The Railway Hub: a complex meeting of interests
The ENTER.HUB network focussed on added-value of the Rail Hub concept as an innovative force for integrated, sustainable urban and mobility planning (these two working in essential concert). Building on identity and fundaments of the past (urban, architectural icons), the station and its surroundings become a new central place in the city (paradoxically also if a hub is located on the edge or even outside the existing functional urban area). The Hub connects neighbourhoods rather than confirming railway infrastructure as a barrier (“the other side of the tracks”) and is no longer simply the domain of the traveller. The offer of a network of services remains but is not limited to mobility, and can include commercial, housing, education, cultural, tourism facilities. This nodal point, urban interface repositions the station area as a “prime” location attracting new development, business and employment initiatives, and inhabitants, within a sustainable, multi-modal mobility and development logic. It is a public good where attractiveness and quality of life is reflected in the provision of public space with reduced dependency on the private vehicle - a connector, a gateway, red carpet, city lounge. (see Enter.Hub video)

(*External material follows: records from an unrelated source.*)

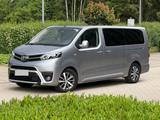 Toyota Proace (Verso) L2 Executive Leder/Pano/HUD/Xenon - Toyota Proace (Verso) mit Panoramadach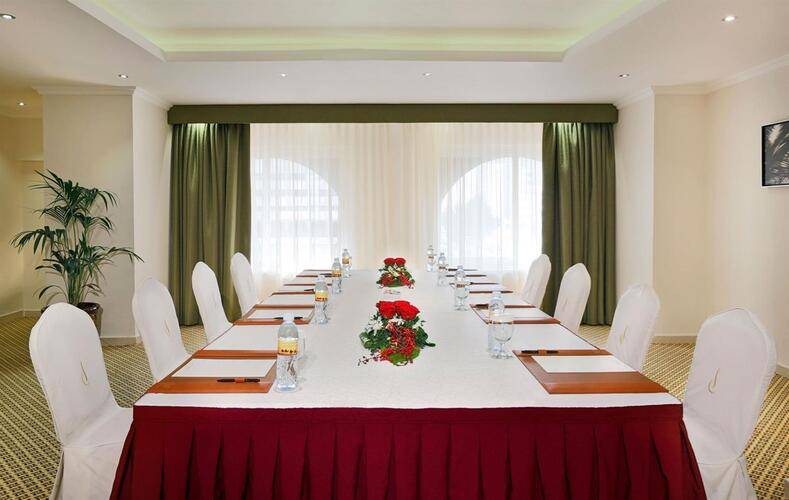 City Seasons Al Hamra Hotel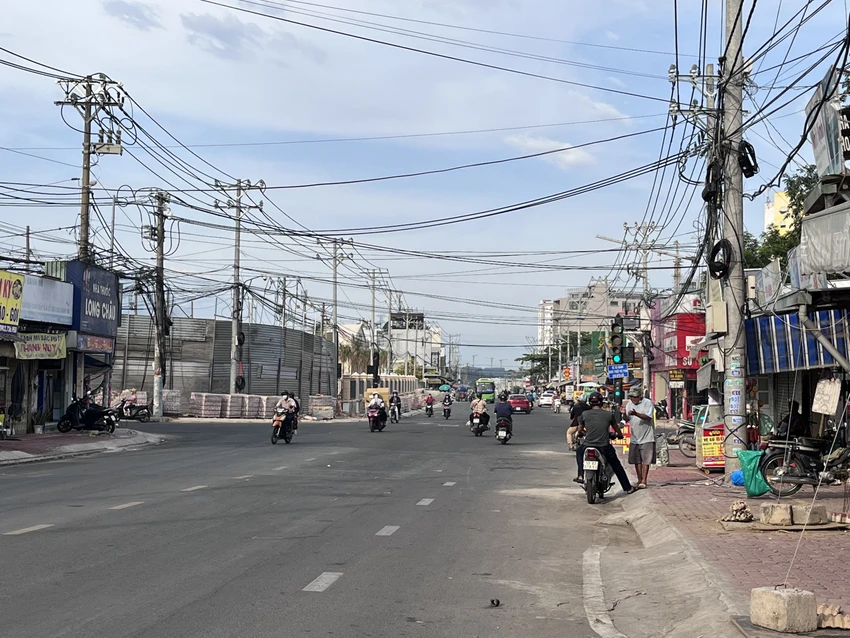Cột điện trên đường Lê Văn Chí đã được di dời. Ảnh: CTV.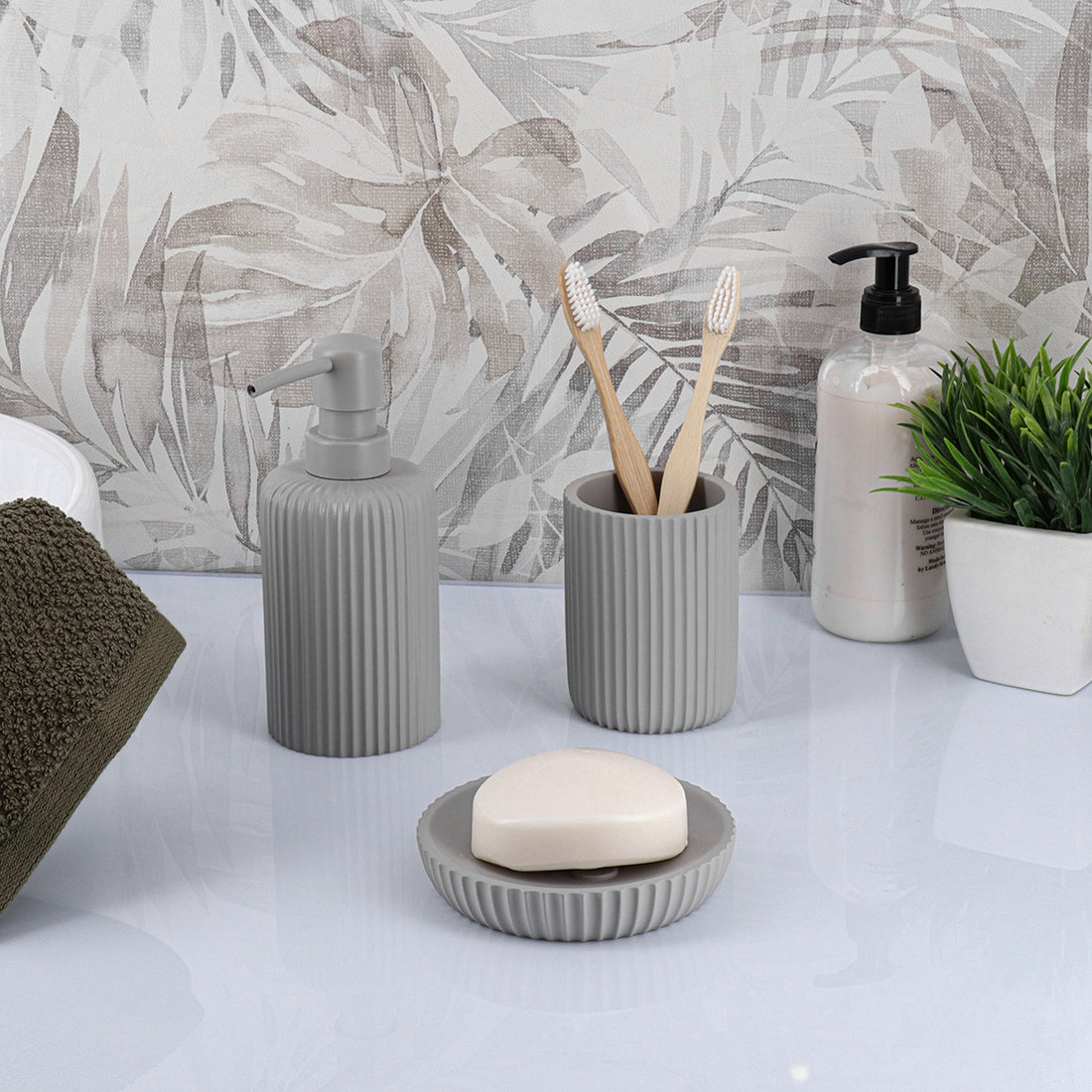 Pahar rotund din polirășină cu striații Timeless – Verde transparent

While transportation is still core business of this broadened perspective, any transformation, new construction, densification or intensification of activity patterns can also generate negative impacts both in the short and long term. So when seeking to exploit the advantages of the Hub as a composite, inclusive element it is also necessary to forestall or at least mitigate potential adverse effects. In this situation affected populations (residents, shop-owners, travellers and commuters...) become privileged partners not only confined to the immediate locality but describing a much wider catchment area and broad range of interest groups. Also the Rail Hub as entity no longer corresponds to the conventional property limits of the station complex (rail company). Achieving new urban added value through integration of ancillary issues and functions - combined with smart, sustainable, inclusive growth and development ambitions - increases the complexity of the challenge facing policy makers. This requires involvement of a growing range of actors responsible for delivery of products and services (civil and network engineering, business and [private] investment, retail, [sustainable] mobility interchange management, culture, residential, public space and amenity).
Of necessity, Railway Hubs have mobilised new forms of governance, based on joint-leadership, partnership and co-production, transforming the conventional “single driver” model. This has been accompanied by blurring of traditional relationships and roles, and a general trend towards engaging with civic society, citizens and end-users. Long established competence boundaries are put in question – where for instance the public authority becomes enabler rather than provider, the railway company is freed to act as property developer and the private sector is encouraged to contribute to enhancing the public realm... The Railway Company is key, if not dominant, stakeholder - main service provider, net coordinator, infrastructure manager and often principal landowner - but cannot independently deliver the comprehensive and coherent package of initiatives required to establish the Hub formula. ENTER.HUB partner experiences shed some interesting light on how cities are concretely addressing this complexity.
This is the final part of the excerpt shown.